# Thanksgiving Dinner And Camping



## luckylynn (Jan 9, 2007)

Hello to all.....We are planning to go camping for Thanksgiving, if the weather will permit thta is.Our camper has no oven. I need some ideas of ways to make a turkey day dinner.I do have a slow cooker,electric skilet and of course the regular outdoor colman camp stove.

So how and or what would you cook? Recipes and suggestions if you could would be a great help.

Thanks ahead of time for all the help.....Lynn


----------



## Y-Guy (Jan 30, 2004)

Lynn, for the Turkey we've done the Turkey Fryer as well as using a Roster oven, both did great. If you use a Roster oven just watch your breakers.


----------



## CalifRVers (Oct 16, 2009)

I was going to say a deep fryer also or you could always cook the turkey and stuffing at home, slice it, pack it in an air tight container and then cook the potatoes, veggies, etc at camp. Your slow cooker can warm up the turkey and stuffing. Just a thought..


----------



## FinsUp (Jul 10, 2009)

If I was going to cook a turkey while camping, I think I would do a garbage can turkey and bake the pumpkin pie ahead of time.

http://camping.about.com/od/recipes/r/ucrec109.htm


----------



## Nathan (Jan 2, 2007)

You an go for a turkey breast and grill it over the fire..


----------



## wolfwood (Sep 19, 2005)

CalifRVers said:


> I was going to say a deep fryer also or you could always cook the turkey and stuffing at home, slice it, pack it in an air tight container and then cook the potatoes, veggies, etc at camp. Your slow cooker can warm up the turkey and stuffing. Just a thought..

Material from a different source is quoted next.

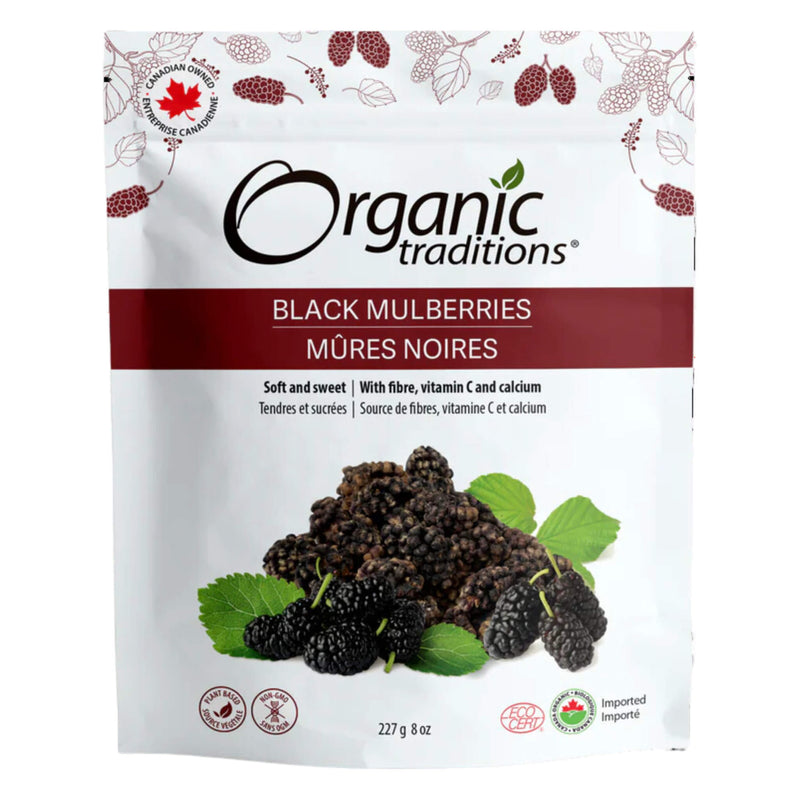 Bag of Organic Traditions Black Mulberries 227g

I was thinking the same thing. Best part is that you'll have "left overs" right from the start!!! Nothin' better than Turkey-the-day-after !


----------



## ED_RN (Jun 25, 2006)

Many years go hurricane Ewa knocked out all the power in Hawaiijust before Thansgiving. We cooked one on a Weber grilland it ws really good. Just followed the directions in the book that came with the grill. Basically you start the charcoal, move it all to the sides under the openings in the grill. Then add a little more charcoal every hour if I remember right. We put a foil pan under the bird and had drippings to make gravy with.


----------



## JerseyGirl86 (Mar 30, 2009)

Or my favorite...Turkey with all the trimmings from your favorite restaurant....or at least SOME of the trimmings. That way you can still have some home made things and not fret about cooking for the day. We do enough of that at home! BRILLIANT!


----------



## Howier (Apr 26, 2009)

Smoked turkey legs dunked in the deep fryer for a few minutes. Heart attack on a stick. But soo good.


----------



## mswalt (Sep 14, 2004)

STOP! You guys are making me hungry!

I would love to camp out for Thanskgiving but the DW won't have it. So, we'll enjoy our dinner at home, as usual.

Mark


----------



## OregonCampin (Mar 9, 2007)

I have one word for you.... SMOKER! We camp almost every Thanksgiving in a campground with no electricty. Our answer is a gas smoker (aka THE BLACK BOX). We use it to cook our meat (usually smoked prime rib) and then while the meat rests we use it as an oven for yams, green bean cassarole, warming up rolls, etc. We just take the wood chips and the water pan out so the rest of our food does not smell smoked.


----------



## luckylynn (Jan 9, 2007)

luckylynn said:


> Hello to all.....We are planning to go camping for Thanksgiving, if the weather will permit thta is.Our camper has no oven. I need some ideas of ways to make a turkey day dinner.I do have a slow cooker,electric skilet and of course the regular outdoor colman camp stove.
> 
> So how and or what would you cook? Recipes and suggestions if you could would be a great help.
> 
> Thanks ahead of time for all the help.....Lynn


Thanks everyone for all the Great ideas. It looks like we will not get to go camping for Thanksgiving after all this year...but I am saveing all these Great Ideas and suggestions for next year.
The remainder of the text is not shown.